# Miscellaneous > General Database Discussions >  Query result set of stored procedure

## maartens

I would like to make a selection of records returned by a stored procedure.

E.g. 

  SELECT Name FROM EXEC somestoredprocedure @age = 25

This is wrong, but is there a way to do this?

Maarten

----------


## rmiao

What's somestoredprocedure? UDF?

----------


## maartens

For instance a procedure returning _name_ and _address_ for persons with a certain age

----------


## rmiao

You can't use stored procedure in select statement.

----------


## mikr0s

SELECT tmp.*
FROM OPENROWSET('SQLOLEDB', 'my_sqlserver_name';'my_sqluser_login';'my_sqlpass  word',
	'EXEC mydatabase.dbo.mystoredprodedure') AS tmp

--HTH--

----------


## maartens

Thanks mikr0s, that works.

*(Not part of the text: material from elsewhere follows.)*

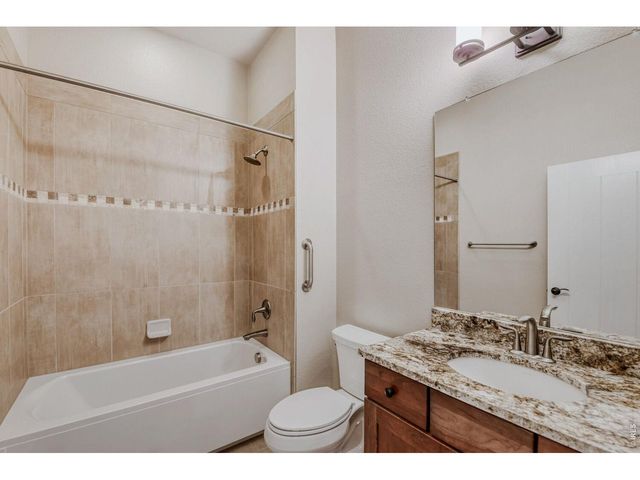 2171 Park Ln, Louisville, CO 80027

Seems a bit strange though that you have to use OLEDB instead of calling the procedure directly.

----------


## mikr0s

it can also be done without the OPENROWSET (but still OLEDB is used)

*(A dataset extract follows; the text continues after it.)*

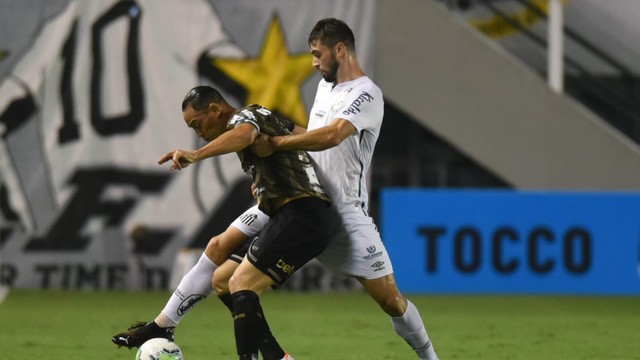 Ricardo Oliveira em lance com Laércio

--configure server for data access
EXEC sp_serveroption @@servername, 'data access', true
--get results of a sp like selecting from a table
select * from openquery(my_servername, 'exec master.dbo.mytesting') a

--where my_servername is the name of the sql server, returned by @@servername (not a configured linked server)

--HTH--

----------


## ahains

Typically the best approach is to place the output into a table/temp table/table valued variable:

create proc testproc1
as begin
	select 1
	union all
	select 2
end
go

declare @procresults table (i int);
insert @procresults exec testproc1;
select * from @procresults;
go

----------